▶ _About this exercise_
An exact copy of every entry below is required, and no picture may appear in it.

▶ _Record excerpts_
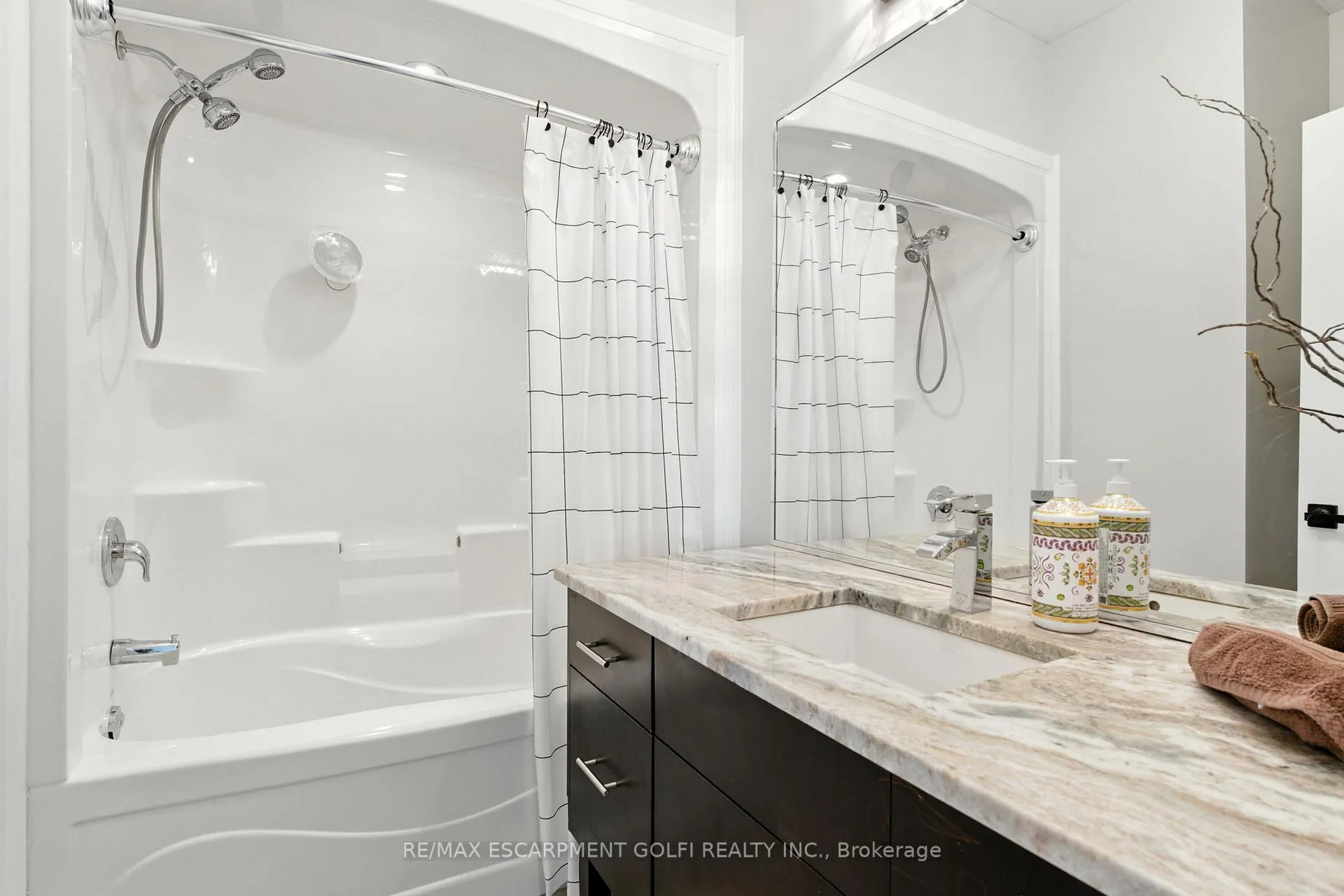 Photo 18 of 139 Gaiser Road, Welland, Coyle Creek — HOMEH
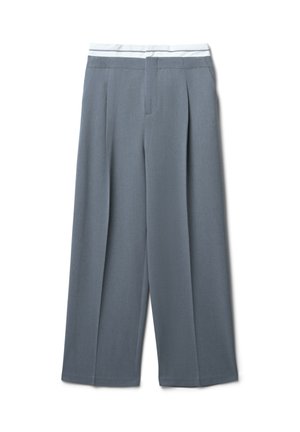 Pantalons larges en tissu gris clair uni. Caractéristiques : plis avant, taille recouverte en blanc et pas de poches visibles.
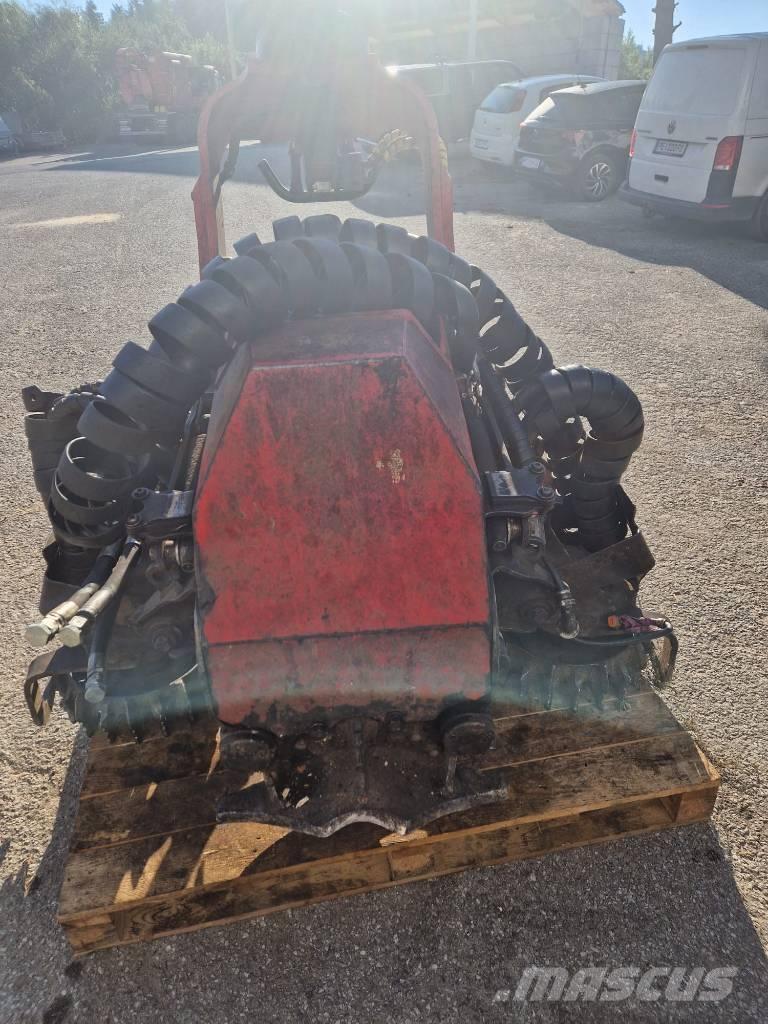 Komatsu 124 Stroji za kleščenje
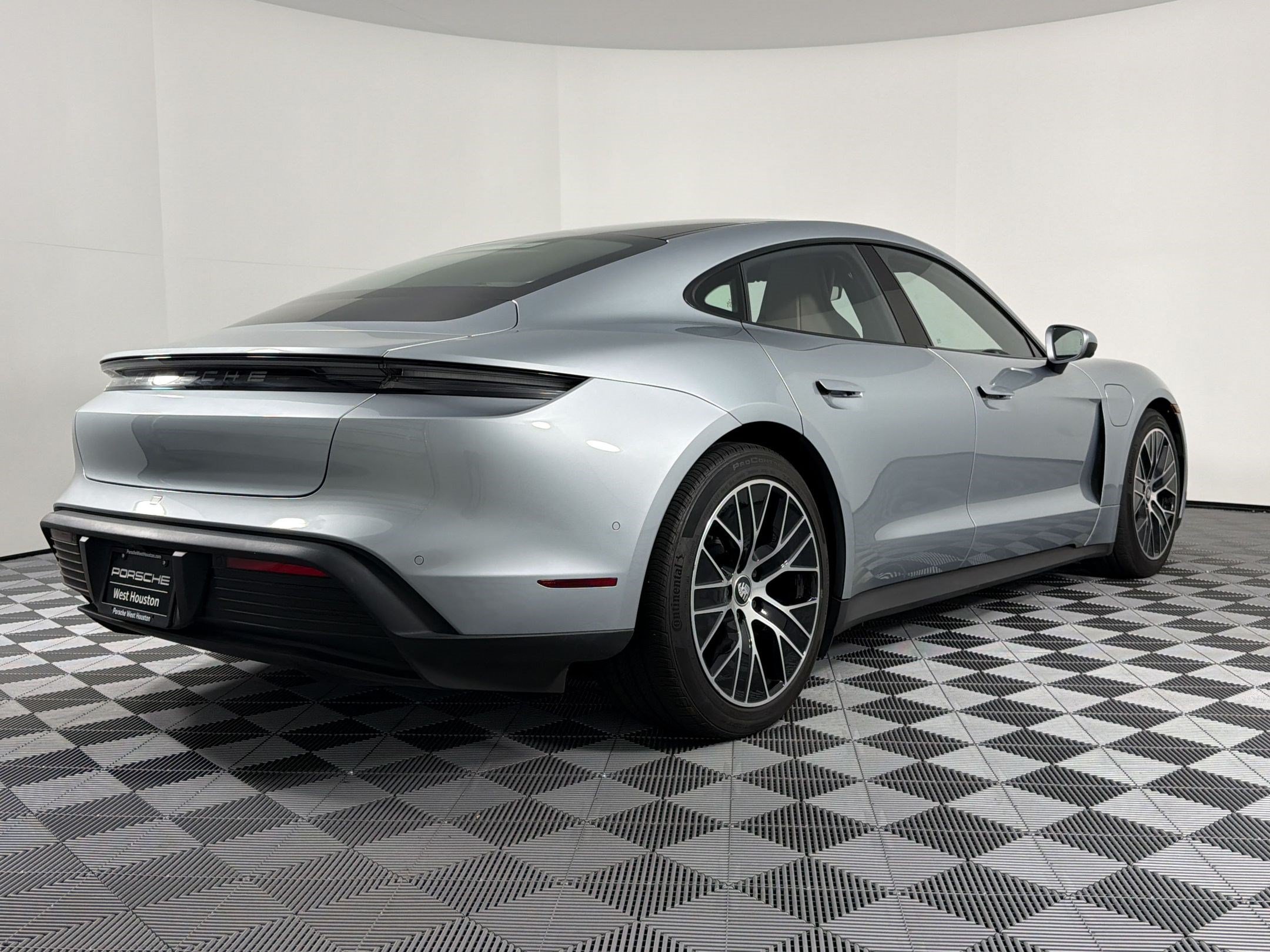 Certified 2022 Porsche Taycan RWD image 9
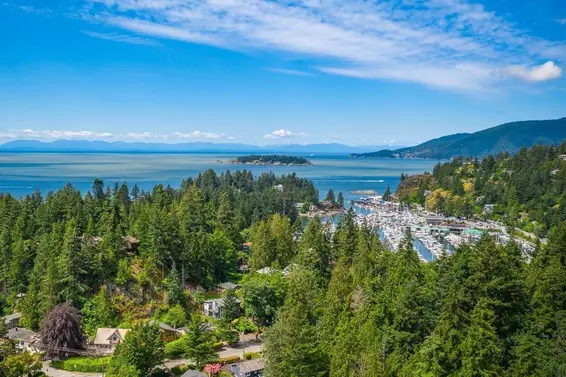 5725 Cranley Drive, West Vancouver For Sale - image 36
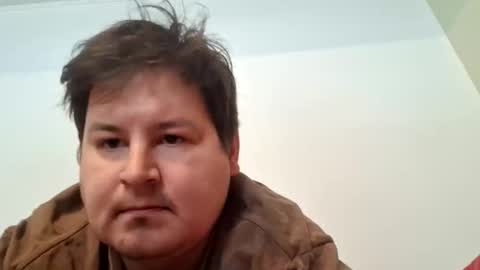 Snapshot of erikstar chatting on 01-10-26, 12:29 erikstar online show from 01-10-26, 12:29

▶ _Response box_
 Photo 18 of 139 Gaiser Road, Welland, Coyle Creek — HOMEH
 Pantalons larges en tissu gris clair uni. Caractéristiques : plis avant, taille recouverte en blanc et pas de poches visibles.
 Komatsu 124 Stroji za kleščenje
 Certified 2022 Porsche Taycan RWD image 9
 5725 Cranley Drive, West Vancouver For Sale - image 36
 Snapshot of erikstar chatting on 01-10-26, 12:29 erikstar online show from 01-10-26, 12:29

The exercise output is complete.